SHAP Library in Python
Every profession has their unique toolbox, full of items that are essential to their work. Painters have their brushes and canvas. Bakers have mixers, pans, and ovens. Trades workers have actual toolboxes. And those in a more corporate environment will have a suite of hardware and software necessary to complete the task at hand. Data scientists tend to fall into this last bucket.
I’m of the opinion that one of the most exciting tools in a data scientist’s toolbox are the visualization libraries available for use. Data viz is a great way for technical operators to bridge a gap and bring insights to a non-technical audience.
A brilliant library that was released in late 2016 is the SHAP library. The SHAP (SHapley Additive exPlanations) library was developed to unpack some of the “black box” aspects of machine learning models, and to better explain the output of models. In the developers’ own words:
“SHAP connects game theory with local explanations, uniting several previous methods and representing the only possible consistent and locally accurate additive feature attribution method based on expectations.”
**Quick note** The remainder of this post will provide a quick introduction to SHAP and I’ll show how I’ve used it to better understand a few models I’ve built. I am still learning a lot about this library, so please do additional research as you utilize these methods yourself. Any feedback is also appreciated!
Working with SHAP
The SHAP visualizations use what are known as SHAP Values to plot information. SHAP Values are the determined impact each feature will have on an output, derived from breaking down the prediction. Samuele Mazzanti does a great job explaining how SHAP values are calculated here.
The library is easily downloaded with a pip install.
!pip install shap
SHAP is versatile and has “explainer” models for every type of ML model. A general explainer can be called with the shap.KernelExplainer, but it tends to perform more slowly than using the explainer that is specific to the type of model you have built. It is best to call the appropriate explainer when you are ready to begin plotting.
SHAP has explainers for tree models (e.g. XGBoost), a deep explainer (neural nets), and a linear explainer (regression).
After calling the explainer, calculate the shap values by calling the explainer.shap_values() method on the data.
import shap#Load JS visualization code to notebook
shap.initjs()
explainer = shap.TreeExplainer(xgbclassifier)
shap_values = explainer.shap_values(xgbX_train)
Then we get to visualize it using one of the many plots available!
shap.summary_plot(shap_values, xgbX_train)
Here are two examples of personal projects where I’ve used SHAP to better understand the underlying model outputs.
In this example, I was working with data about the hospital readmittance of patients who had some length of inpatient treatment for diabetes. You can find the full project on my Github here. In the summary plot, we are able to see a few things that will drive the model output up or down. A model output of 1 would signify that the patient would be readmitted for additional inpatient care while a 0 reflected no readmittance.
Each feature for each data object in the set is represented by a point on the graph. If feature values are high, they will show as red — if they are blue, they have lower values. The position of the point along the x-axis shows whether the feature value is pushing the predicted output towards 0 or 1. So we can see that if a patient had a high number of previous inpatient (number_inpatient) procedures or emergency room visits (number_emergency) preceding the current visit, they were more likely to be readmitted again.
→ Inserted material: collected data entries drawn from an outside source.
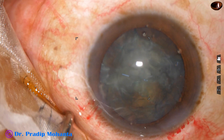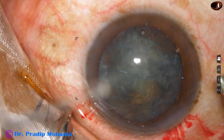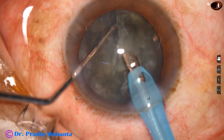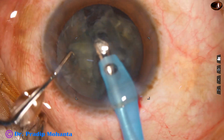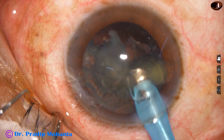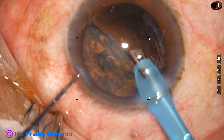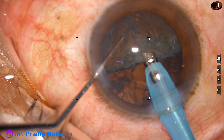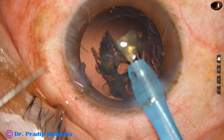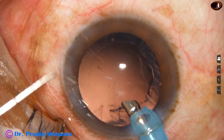Now some visco is injected. The feco needle is now introduced with its bevel down. This is a small chopper which I use, which has been designed by me, and I pick up the fragments and emulsify. It is so easy now to pick up each nuclear piece and emulsify. This hemi-nucleus is pierced in this way and it is emulsified. Most of the time the chopper is out and emulsification is carried out single-handedly so that followability of the pieces is good.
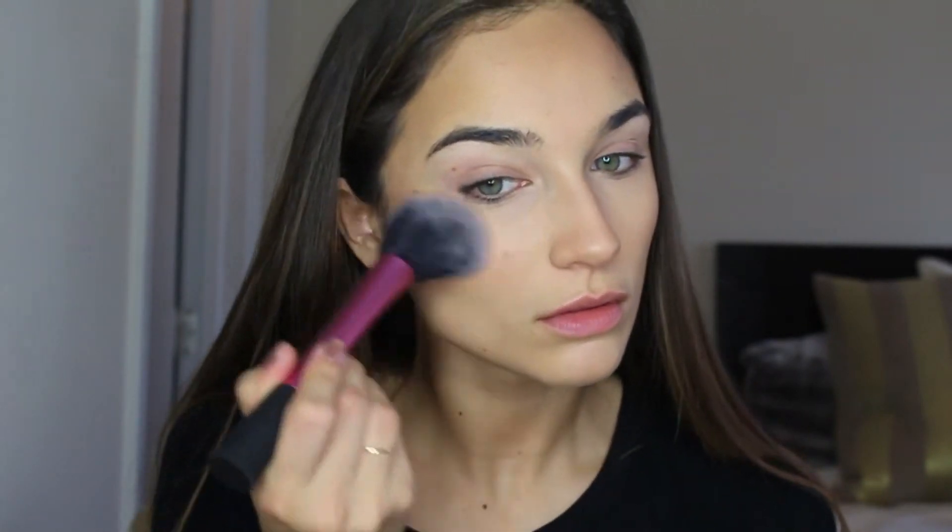Next I'm going to be applying the Too Faced blush in the shade Peach Beach, and I'm just going to be applying this with a big fluffy blush brush from Real Techniques — I love this brush.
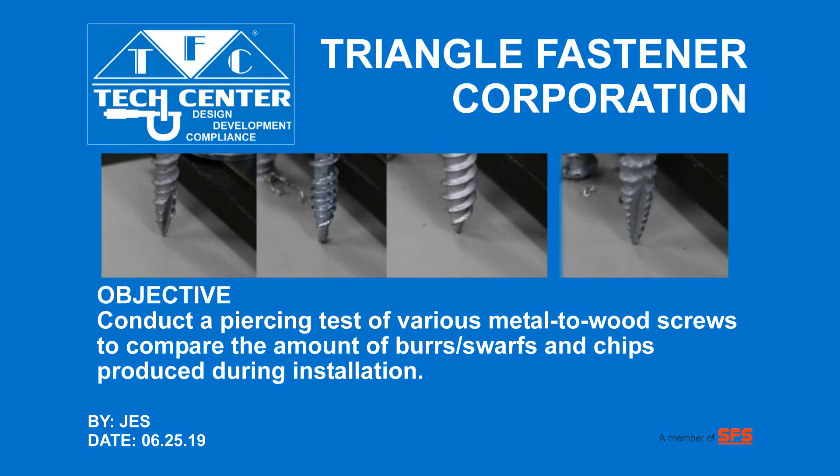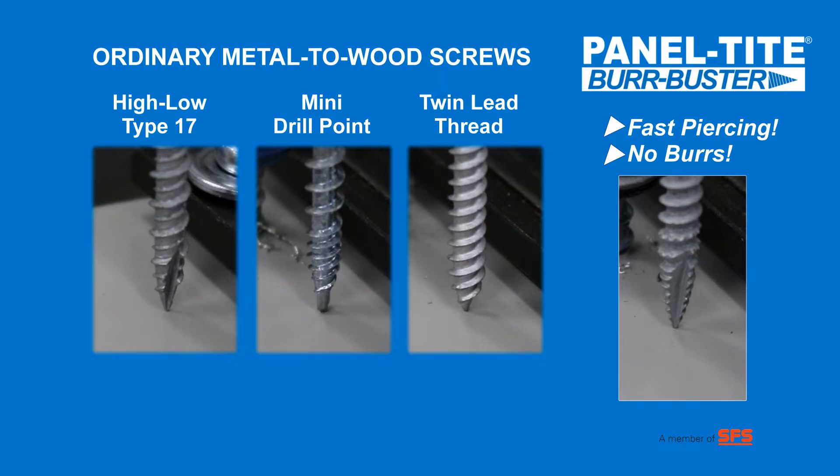The following is a piercing test of various metal to wood screws so that we can compare the amount of burrs and chips produced during installation. The screws tested consisted of a high-low type 17, a mini drill point, a twin lead, and our panel-tight Burr Buster.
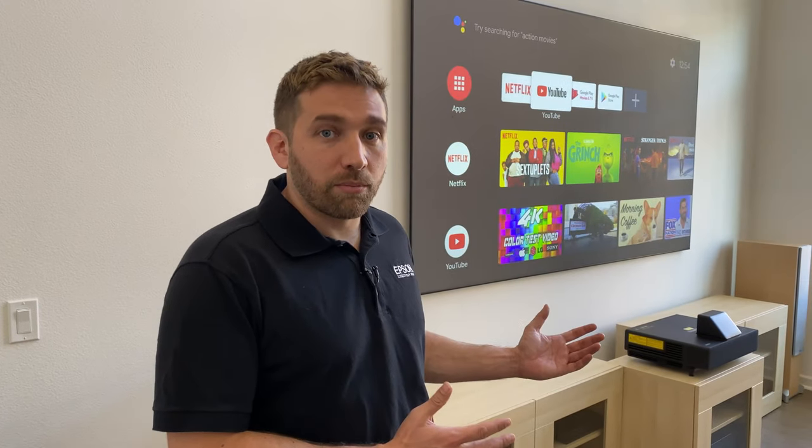Hi guys, my name is Carlos from Epson. I'm here to talk about the Epson Laser Projection TV. I'm sure you've read about it or you've heard about it. So in this video, I'm going to walk you through the process it takes to get it installed.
Lower age (age) drew the outcome closer to non-readmittance, as did having a lower number of medications (num_medications).
In this second example, we explore the features that are causing customers of a telecommunications company to fall into one of four clusters, the output of a K-prototype cluster analysis. You can find the full project here.
I use a bar plot style for the summary plot here. The size of the bars shows the importance of the feature, so we can see that Total Charges and Internet Service had significant importance on the clustering. Streaming TV, streaming movies, and Churn have strong importance, and the 7 features following still have moderate explanatory importance.
Inspecting the prototype modes of the clusters (where Class 0 aligns with Cluster 1, Class 1 -> Cluster 2…), these make intuitive sense — Total Charges was very important for those in Cluster 4, and they tend to subscribe to all services. Internet Service was the most important feature for Cluster 3, and they had No Internet Service. Opting out of Streaming TV and Movies allowed Cluster 2 to stand apart from Clusters 1 & 4.
Hopefully the above provides a quick insight as to how SHAP can be applied to data science work. I think it’s a great tool and I’m looking forward to working with it more in the future.